The Department for Transport has issued the A46 Coventry Junctions (Walsgrave) Development Consent (Correction) Order 2026, a technical statutory instrument made on 22 May 2026 and in force from 27 May 2026. As published on legislation.gov.uk, the order corrects errors and omissions in the A46 Coventry Junctions (Walsgrave) Development Consent Order 2026, SI 2026/537. This is not a fresh development consent decision. The instrument operates as a correction order under the Planning Act 2008, updating the text of the original consent already granted for the scheme.
The order states that the original 2026 Development Consent Order contained correctable errors within the meaning of paragraph 1(3) of Schedule 4 to the Planning Act 2008. That matters because Schedule 4 provides the statutory route for limited post-making corrections where drafting defects or omissions need to be put right. According to the instrument, the Secretary of State received a written request from the applicant before the end of the relevant statutory period, as required by paragraph 1(5)(a) and paragraph 1(6)(a) of Schedule 4. The order also records that the relevant local planning authorities were informed that the request had been received, in line with paragraph 1(7).
The legal power used is set out expressly in the instrument. The Secretary of State made the correction order under section 119 of the Planning Act 2008 and paragraph 1(4) and (8) of Schedule 4 to that Act. Article 2 then explains how the corrections are applied. Rather than rewriting the entire consent, the instrument uses a schedule table showing where each correction is made, how it is made, and the wording to be substituted, inserted or omitted. For anyone relying on the consent, the operative text now sits across the original order and this correction instrument read together.
The explanatory note is concise but important. It confirms that the purpose of the instrument is to correct errors and omissions in SI 2026/537 following an applicant request made under Schedule 4 to the 2008 Act. In practical terms, that means the government has used the statutory correction process rather than any wider amendment procedure. For project promoters, advisers, contractors and affected land interests, the immediate task is not to revisit the principle of the scheme, but to check the corrected drafting now in force from 27 May 2026.

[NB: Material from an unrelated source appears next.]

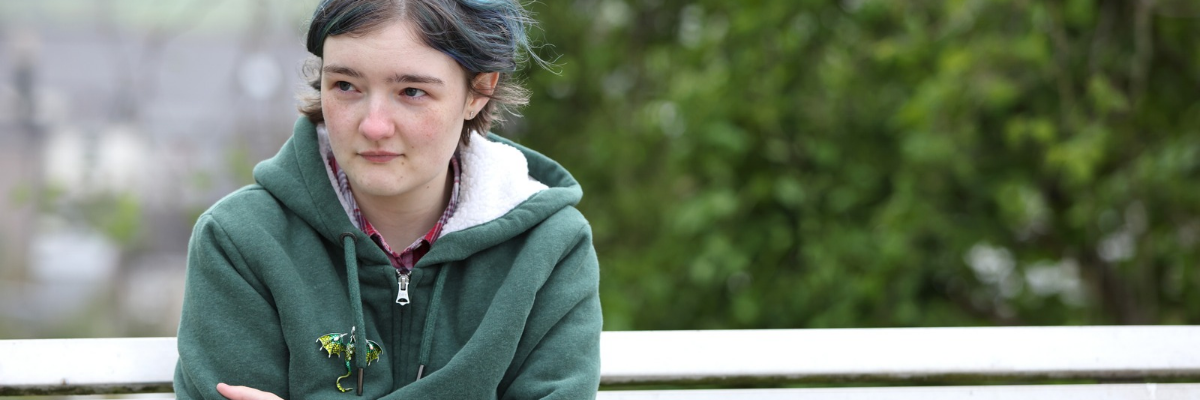 Serious woman on bench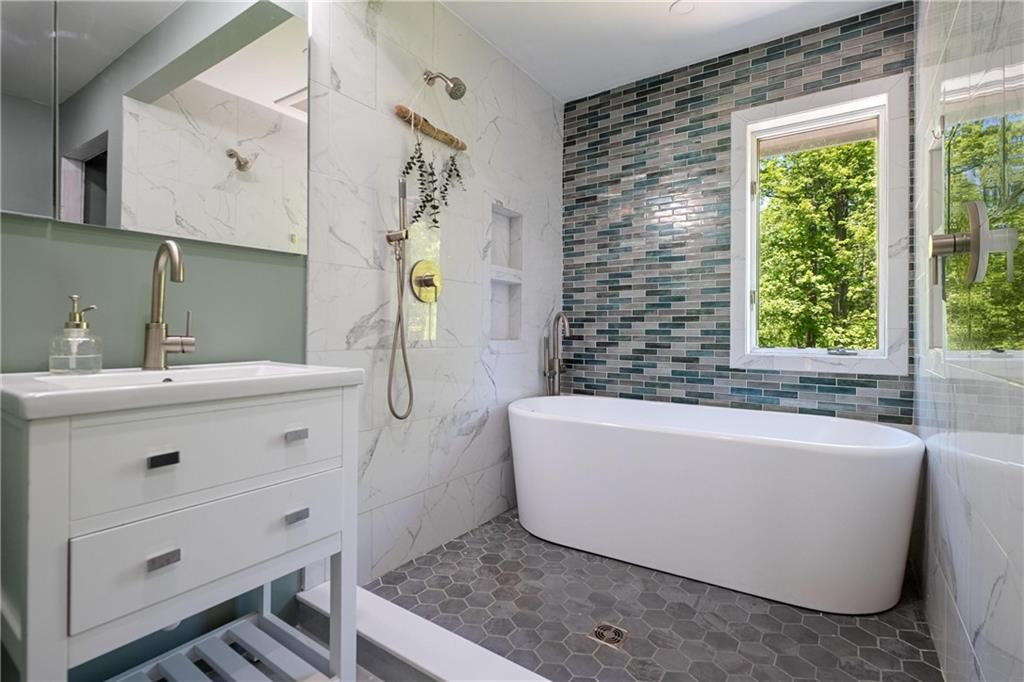 150 Dodds Road Butler, PA 16002 - Photo 31 of 37 a bathroom with a bathtub a sink and a shower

For local authorities and other public bodies, the order is a reminder that development consent orders remain highly technical legal documents even after they are made. Small textual errors can affect interpretation of requirements, land references, powers or procedural steps, which is why the Planning Act includes a defined correction mechanism. The legislation excerpt provided here does not reproduce the schedule entries themselves, so the precise wording changes sit in the schedule to the correction order rather than in the opening articles. In practice, any decision-making, compliance review or implementation work linked to the A46 Coventry Junctions (Walsgrave) scheme should therefore be checked against both instruments, not SI 2026/537 alone.
The instrument was signed on behalf of the Secretary of State for Transport by Natasha Kopala, Head of the Transport and Works Act Orders Unit, on 22 May 2026. That signature confirms the formal administrative route used for the correction. For readers tracking infrastructure planning decisions, the key point is straightforward. From 27 May 2026, the legally relevant version of the A46 Coventry Junctions (Walsgrave) consent is the original 2026 order as amended by the correction order published on legislation.gov.uk.